Vincent Mauger

Catalogue Super Asymmetry
D’aplomb au-dessus du vide (pdf)

Peu d’œuvres vous happent. Souvent la distance entre elles et nous demeure infranchissable, chacun son propre espace et tout ira bien. Au mieux l’œuvre attire le regard, quelquefois le corps suit et ne résiste pas à l’envie de s’approcher par cercles concentriques au diamètre de plus en plus court, jusqu’au contact malheureusement interdit par l’usage. Présentée dans le cadre de l’exposition Dynasty au Musée d’art moderne de la ville de Paris en 2010, la sculpture de Vincent Mauger a déployé ses ailes et capturé ceux qui passaient par là.

L’œuvre présente deux faces contradictoires et complémentaires. Le dos est plat, incliné à 45° avec le sol. La face est constituée de reliefs tombants, concrétions minérales plus ou moins grandes, stalactites découpées dans la masse grise. De prime abord le béton rugueux, lourd et compact a servi de matériau de base.

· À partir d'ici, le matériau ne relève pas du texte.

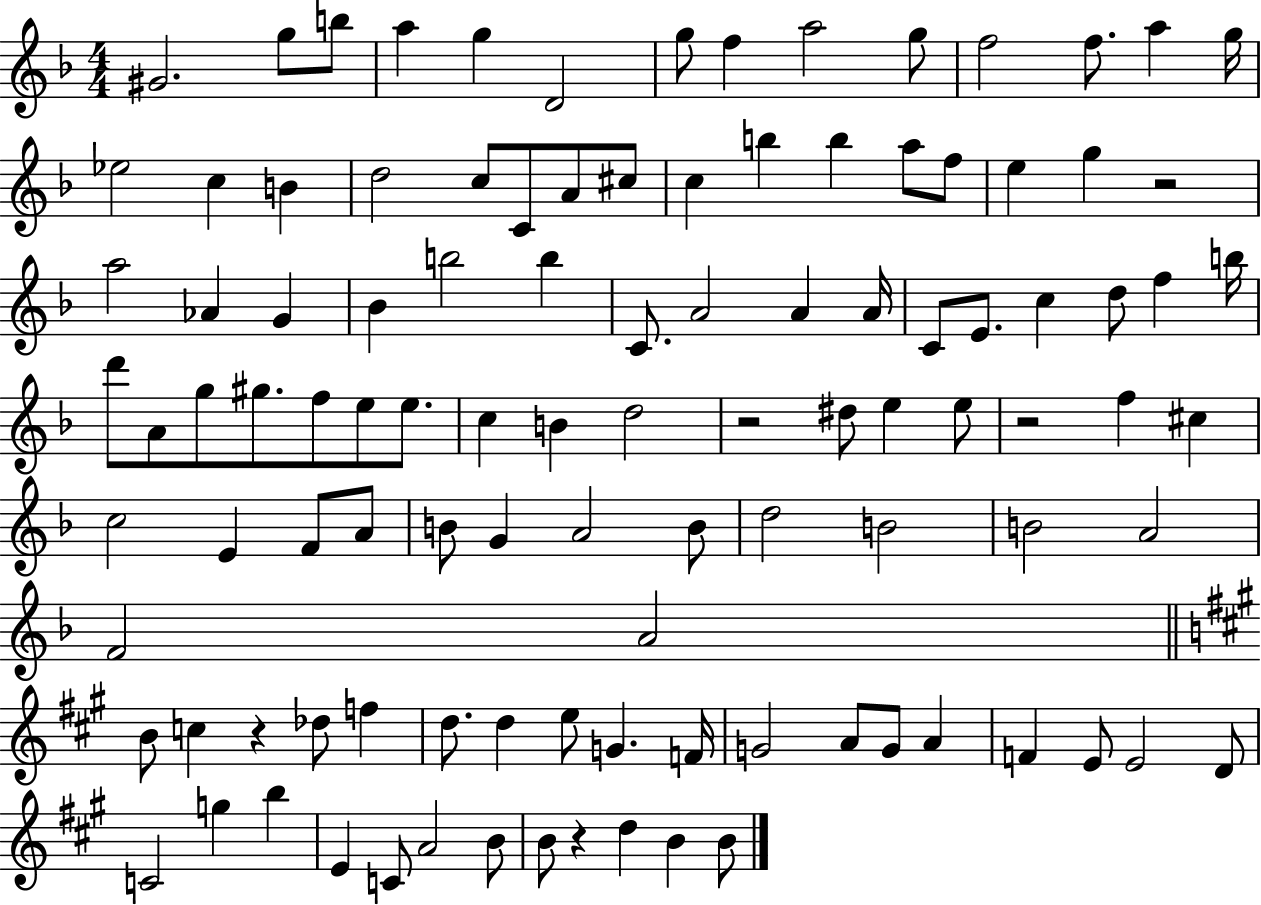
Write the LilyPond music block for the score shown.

{
  \clef treble
  \numericTimeSignature
  \time 4/4
  \key f \major
  gis'2. g''8 b''8 | a''4 g''4 d'2 | g''8 f''4 a''2 g''8 | f''2 f''8. a''4 g''16 | \break ees''2 c''4 b'4 | d''2 c''8 c'8 a'8 cis''8 | c''4 b''4 b''4 a''8 f''8 | e''4 g''4 r2 | \break a''2 aes'4 g'4 | bes'4 b''2 b''4 | c'8. a'2 a'4 a'16 | c'8 e'8. c''4 d''8 f''4 b''16 | \break d'''8 a'8 g''8 gis''8. f''8 e''8 e''8. | c''4 b'4 d''2 | r2 dis''8 e''4 e''8 | r2 f''4 cis''4 | \break c''2 e'4 f'8 a'8 | b'8 g'4 a'2 b'8 | d''2 b'2 | b'2 a'2 | \break f'2 a'2 | \bar "||" \break \key a \major b'8 c''4 r4 des''8 f''4 | d''8. d''4 e''8 g'4. f'16 | g'2 a'8 g'8 a'4 | f'4 e'8 e'2 d'8 | \break c'2 g''4 b''4 | e'4 c'8 a'2 b'8 | b'8 r4 d''4 b'4 b'8 | \bar "|."
}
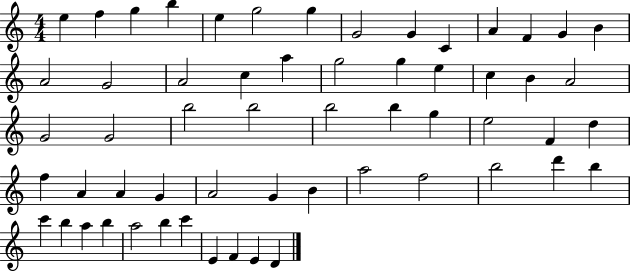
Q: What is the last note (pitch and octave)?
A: D4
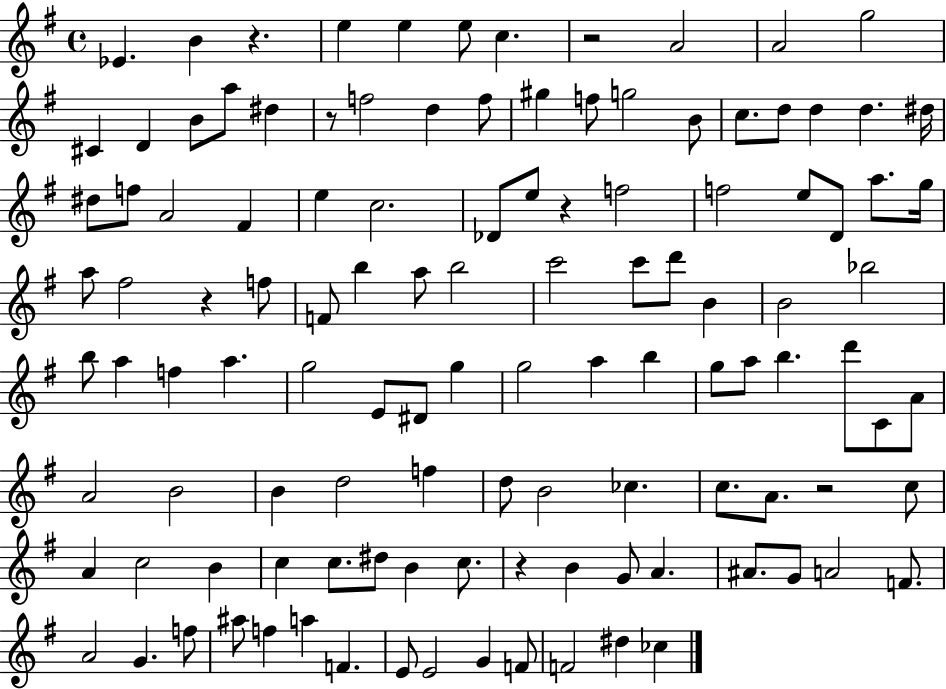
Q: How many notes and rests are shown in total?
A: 117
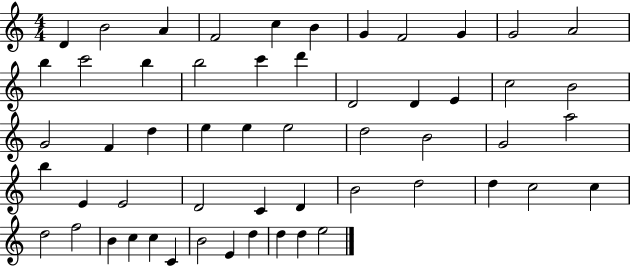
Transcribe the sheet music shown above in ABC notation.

X:1
T:Untitled
M:4/4
L:1/4
K:C
D B2 A F2 c B G F2 G G2 A2 b c'2 b b2 c' d' D2 D E c2 B2 G2 F d e e e2 d2 B2 G2 a2 b E E2 D2 C D B2 d2 d c2 c d2 f2 B c c C B2 E d d d e2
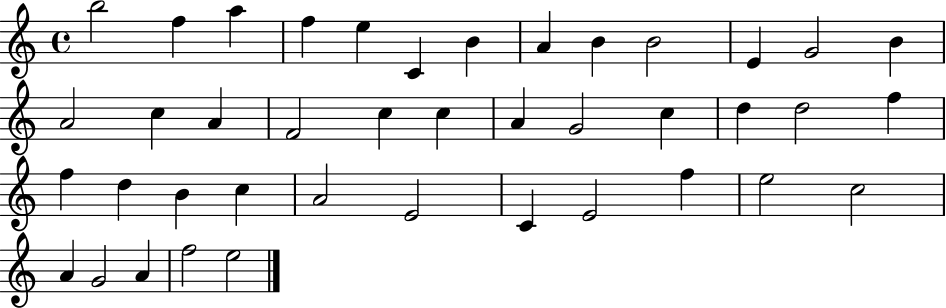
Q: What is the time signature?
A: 4/4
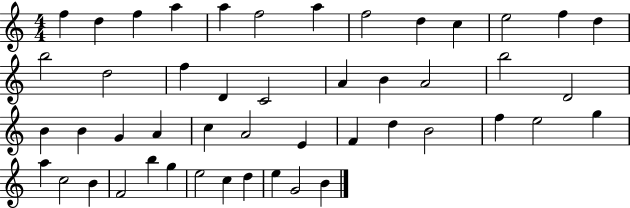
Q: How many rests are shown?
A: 0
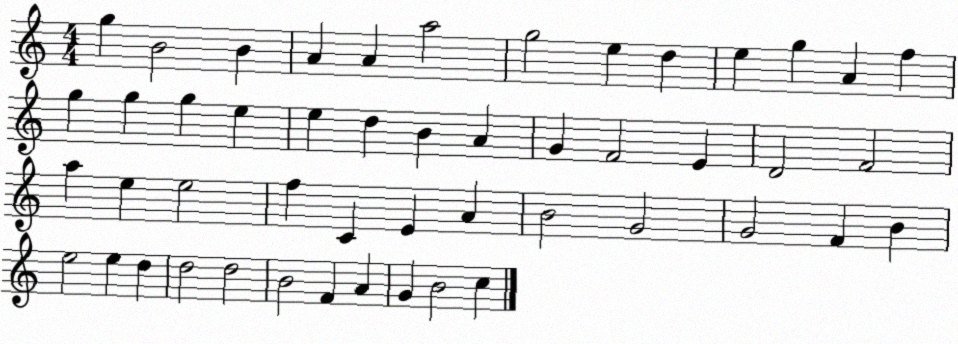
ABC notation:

X:1
T:Untitled
M:4/4
L:1/4
K:C
g B2 B A A a2 g2 e d e g A f g g g e e d B A G F2 E D2 F2 a e e2 f C E A B2 G2 G2 F B e2 e d d2 d2 B2 F A G B2 c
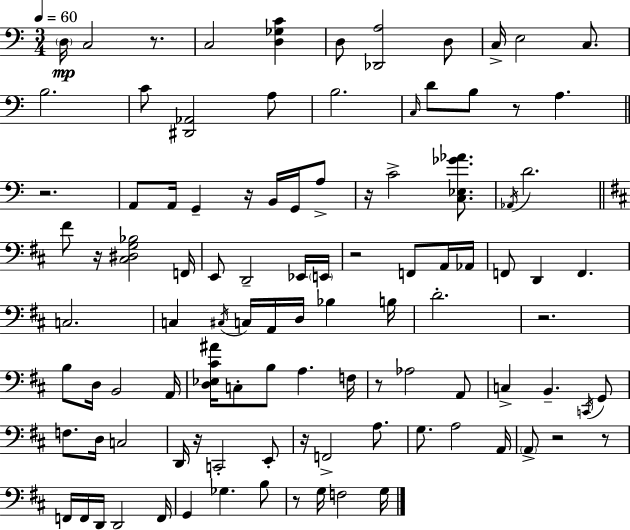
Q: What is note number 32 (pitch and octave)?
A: F2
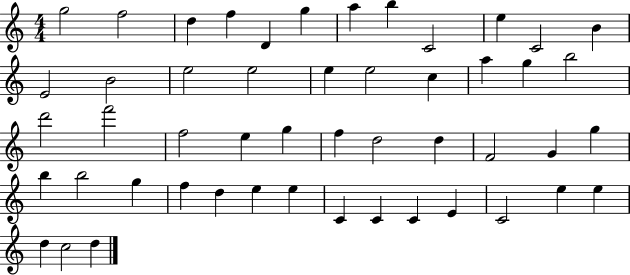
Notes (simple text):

G5/h F5/h D5/q F5/q D4/q G5/q A5/q B5/q C4/h E5/q C4/h B4/q E4/h B4/h E5/h E5/h E5/q E5/h C5/q A5/q G5/q B5/h D6/h F6/h F5/h E5/q G5/q F5/q D5/h D5/q F4/h G4/q G5/q B5/q B5/h G5/q F5/q D5/q E5/q E5/q C4/q C4/q C4/q E4/q C4/h E5/q E5/q D5/q C5/h D5/q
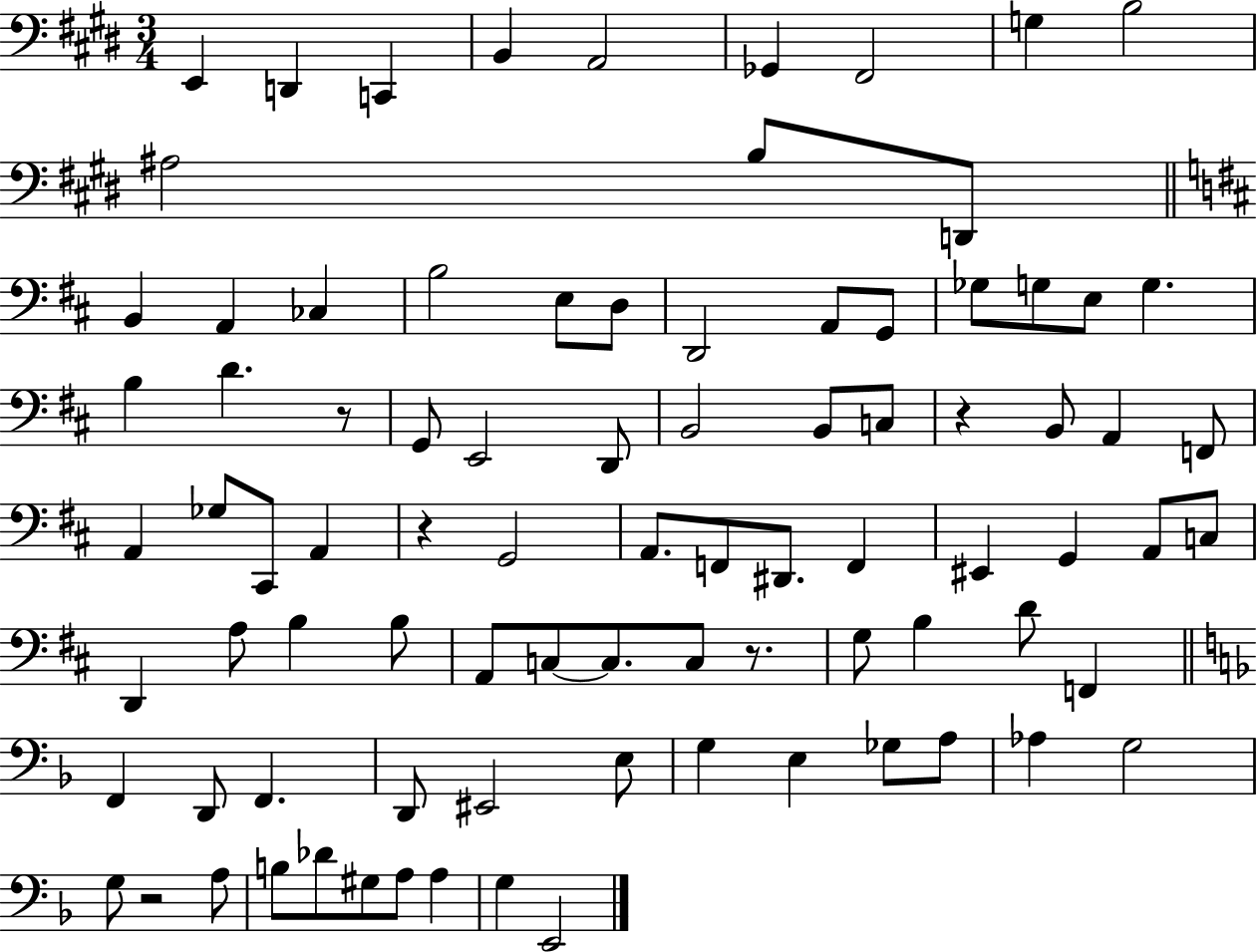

Le corps-à-corps a dû être rude entre l’artiste et la matière. Saisi par la régularité des formes, le regard navigue entre lignes et courbes. Recto : la structure est prégnante. Lignes de cercles parfaits, le rythme est immuable et sans fin. La surface est une plaine que rien n’arrête si ce n’est le bord, précipice irrégulier qui attire dangereusement. Verso : c’est un abîme en suspension, percé de mille orifices circulaires, perméable au regard. Le volume démesuré porte bien au-delà du corps. La lumière y entre, transperçante. Le jeu se fait entre vide et plein.

À y regarder le plus près – et tout se joue dans la proximité de ce regard-là, dans la mise au point nécessaire comme un retour à la pénombre après un éblouissement – il ne s’agit pas de matière minérale mais du polystyrène de casiers à bouteilles. Et là, par le truchement d’un changement de perspective, la masse de l’objet change sous nos yeux. D’empesée elle devient légère, aérienne. On se plierait bien au jeu de la soulever pour en affronter le poids. Déambulant sous les reliefs, ce n’est plus la peur d’être enseveli mais le plaisir d’être abrité qui survient. Protégé du monde par une masse légère, voilà ce qu’il advient quand on se laisse happer… (…)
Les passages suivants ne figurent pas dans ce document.